Transcribe the data exactly, omitting whatever pictures it holds.
Start of SUPPLIED DATA
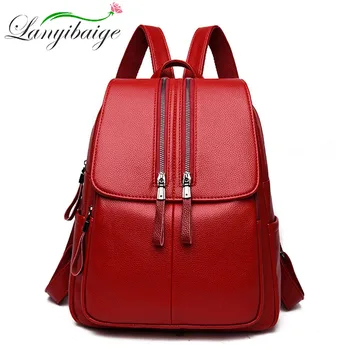 

Double zipper PU Leather Rucksacks Female Backpacks High Quality Sac A Dos Ladies Bagpack Girl Mochilas Designer Casual Daypack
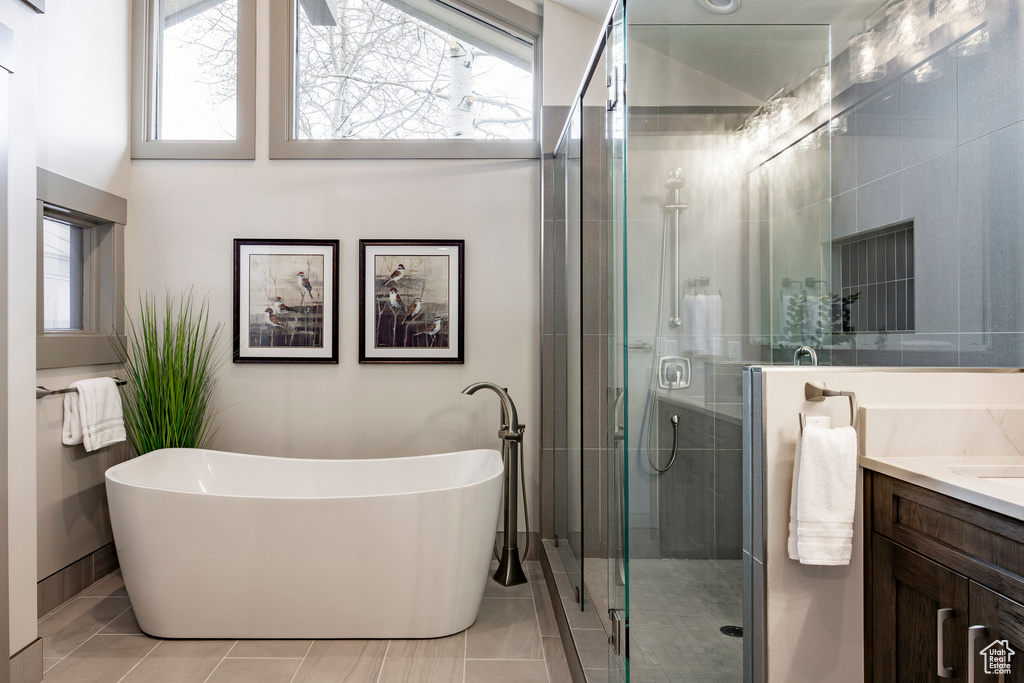 Bathroom featuring plenty of natural light, a freestanding tub, vanity, and a shower stall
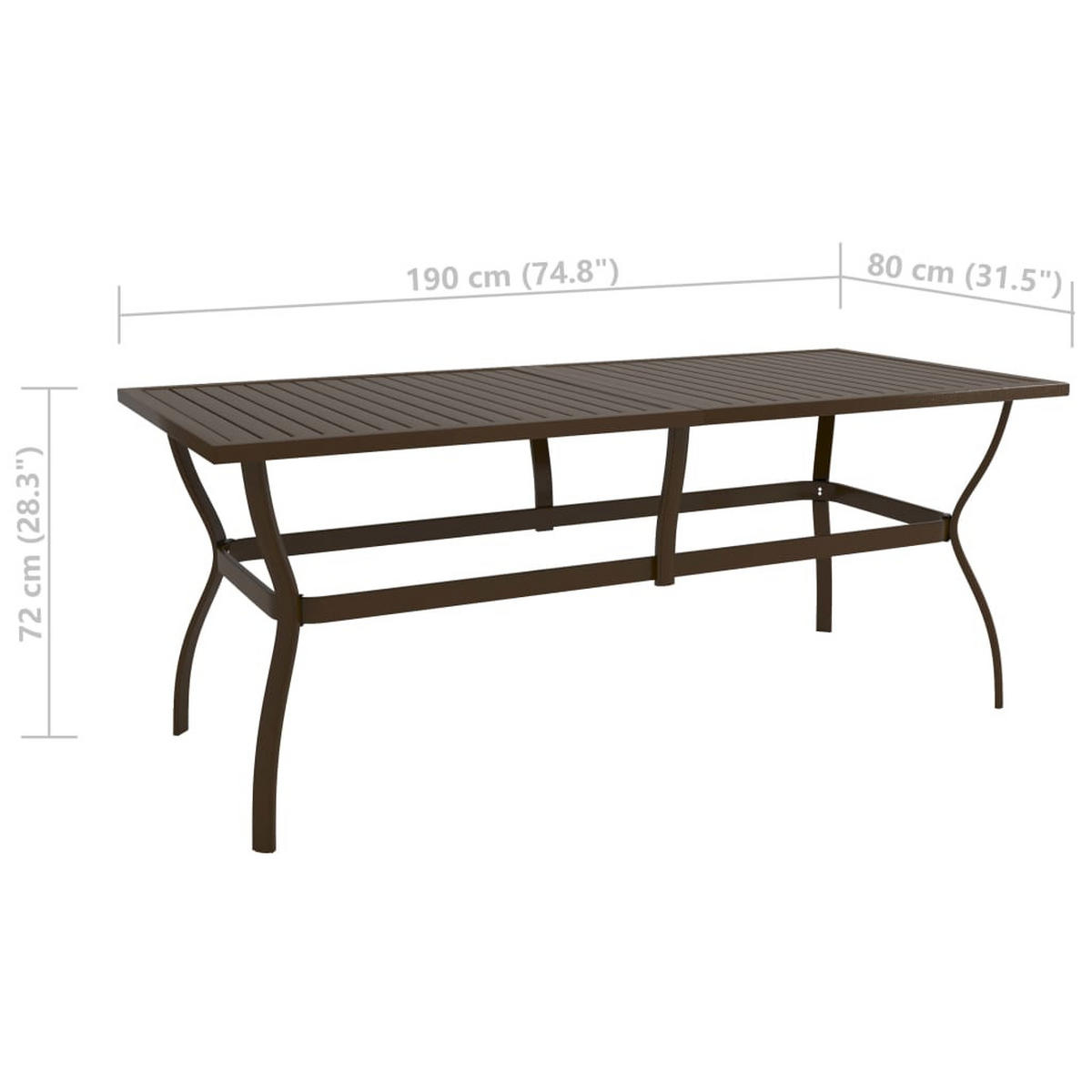 GARTENTISCH Tommi Braun 190x80x72 cm Stahl - Braun, Metall (190/80/72cm) - DELUKE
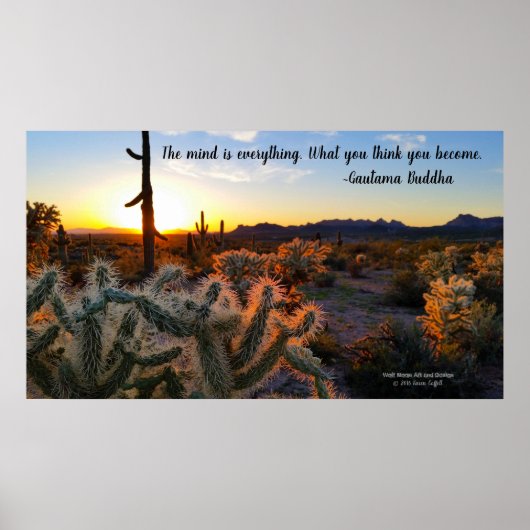 Sonoran Desert sunset Arizona met saguaro cactus Poster (Voorkant)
End of SUPPLIED DATA
• RESULT BELOW:
Double zipper PU Leather Rucksacks Female Backpacks High Quality Sac A Dos Ladies Bagpack Girl Mochilas Designer Casual Daypack
 Bathroom featuring plenty of natural light, a freestanding tub, vanity, and a shower stall
 GARTENTISCH Tommi Braun 190x80x72 cm Stahl - Braun, Metall (190/80/72cm) - DELUKE
 Sonoran Desert sunset Arizona met saguaro cactus Poster (Voorkant)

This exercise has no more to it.